By | Published on Friday 24 April 2015

Ne-Yo

Ne-Yo has called arguments presented by Spotify and Pandora in defence of the streaming business model “offensive and inaccurate”, while arguing that the current royalty structure in the streaming domain has put “American songwriting on the verge of its own collapse”. Which are dramatic words for sure.

The R&B star has penned a piece for Washington-based Roll Call amidst a flurry of music copyright debates in American political and legal circles, as Pandora pursues more favourable royalty rates through the Copyright Royalty Board and collective licensing rate courts; while artists and labels push for new laws to force AM/FM radio stations to pay royalties to sound recording owners for the first time; and the publishers seek a change in collective licensing rules Stateside so they can force digital services into direct deals away from the aforementioned rates courts, meaning they could demand higher payments.

Noting that streaming services often defend their business models by saying they are turning pirates into ad-revenue-generating and ultimately subscription-paying customers, Ne-Yo writes “as a songwriter, I find this to be an offensive and inaccurate argument”.

Very much pitching at Roll Call’s political audience, the singer goes on: “In most industries, the value of something increases with demand. The more people who want your goods or services, the higher the price you can expect to receive for them in the marketplace. It’s basic fairness. But the music business doesn’t work that way. How much a songwriter gets paid is mostly determined by federal regulations, rather than the free market. This regulatory system was created more than 70 years ago and has not been updated since 2001, before the introduction of the iPod and before streaming music was made popular”.

While supporting an overhaul of American licensing rules, so that music publishers can start direct dealing with streaming services to up their payments, Ne-Yo also references the disparity between the streaming monies earned by labels and publishers, acknowledging that the solution to his concerns is not just the mainly loss making streaming services paying more.

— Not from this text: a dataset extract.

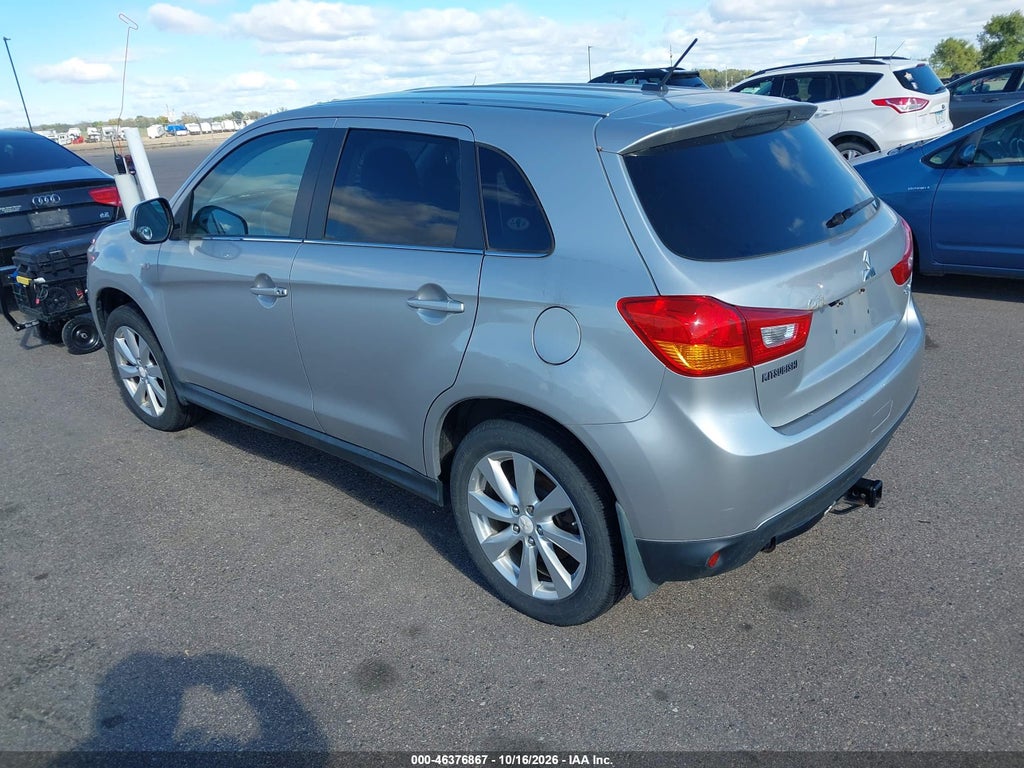 2014 Mitsubishi Outlander Sport SE photo 3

He writes: “Songwriters see the smallest fraction of royalty payouts because we are limited in how we can negotiate. Meanwhile, record labels and recording artists often earn twelve to fourteen times more than songwriters for a stream of the exact same song. As an artist who has experienced both sides of this split, I can personally speak to the nonsensical disparity between these different incomes”.

Calling for US Congress to back an overhaul of licensing rules and a rewrite of the so called consent decrees that govern collective licensing in America, Ne-Yo stresses that this isn’t for his benefit (possibly aware that consumers don’t always respond well to wealthy superstar artists calling for higher royalties – resulting in things like this).

He notes: “I’m fortunate to have the opportunity to earn a living off other revenue streams, such as concert tours and merchandise. But for my fellow songwriters, whose craft is focused on the powerful written word, music licence royalties are their sole source of income”.